The process of cue exposures includes a variety of stimuli. In the case of alcoholic patients it includes the provision of a range of the sights, smells and tastes of alcoholic beverages, as well as images of bars and social alcoholic consumption locations. In the case of narcotics patients it includes the provision of the spectrum of the sights, smells and tastes of recreational narcotics, as well as images of syringes, “lines,” and drug-taking environments.

 

There are various approaches to cue exposure which demonstrates its potential as a therapeutic intervention, and each one is tailored to the specific addiction and patient. In a variety of clinical trials, alcoholic drinkers have been allowed to ingest tiny doses of alcohol and then prohibited from any further consumption of alcohol. When cue exposure is applied to narcotics addicts, it appears that termination of drug-related cues is not stable and poses difficulties in the process of establishing and ascertaining its eventual efficacy.

 

In both cases of alcoholic and narcotics addictions, the community reinforcement strategy has constantly been demonstrated to be successful in Rehab settings, particularly in the case of patients having limited social support infrastructures and more severe problems with the excessive consumption of alcohol or abuse of recreational narcotic drugs.

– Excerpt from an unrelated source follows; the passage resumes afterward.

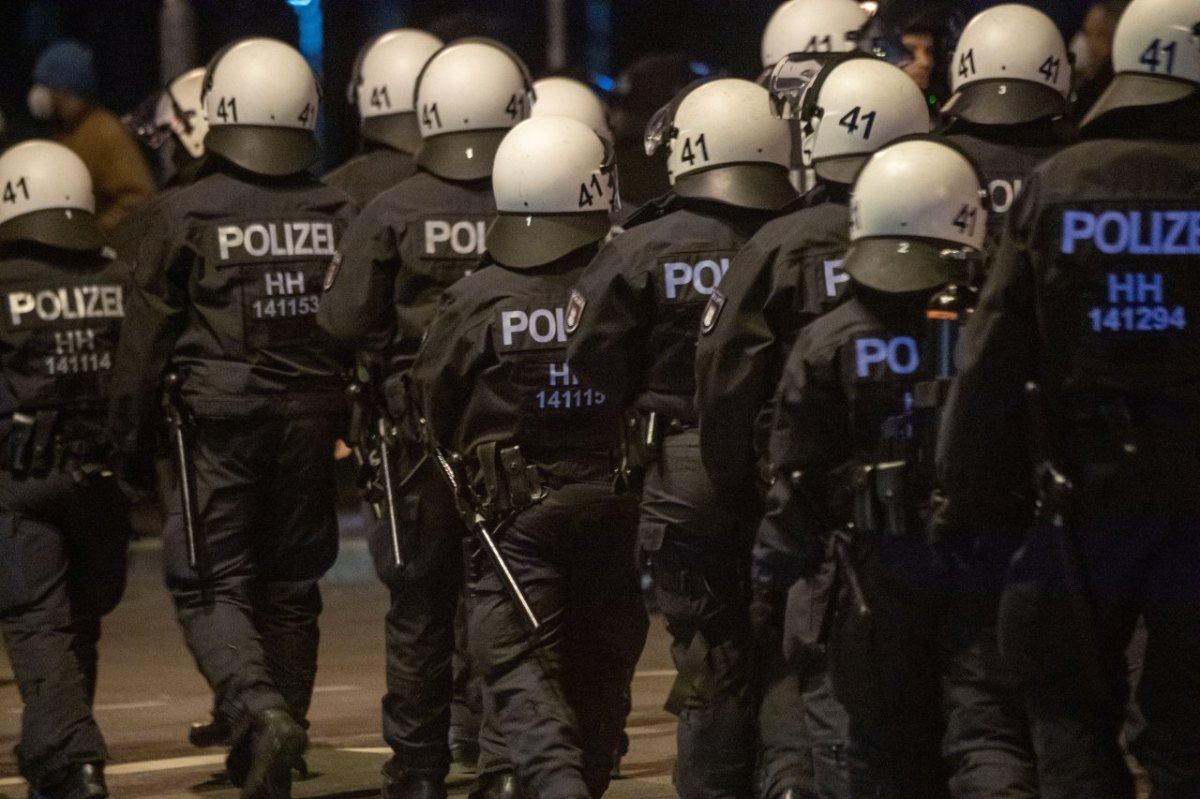 Polizisten Corona Demo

The various therapeutic processes which focus on marital behavioral aspects seek to ameliorate interpersonal communication and problem solving abilities, and to hasten the exchange of positive reinforcement between the patient and their spouse or partner. The various components of marital therapy may incorporate education on the specific communication skills which are impacted most significantly by alcohol or narcotics consumption as well as establishing a sound basis of skillsets dealing with the various aspects that are confronted within the marital relationship.

 

Marital therapeutic interventions have been demonstrated to be effective in both brief and more extended Rehab implementations. The benefits of these forms of marital therapy may not display themselves immediately as the beneficial factors often take a certain amount of time to become effective, but they may become clear and overarching in the long term as the patient develops innovative skills which become an integral part of the relationship between the patient and their spouse or partner.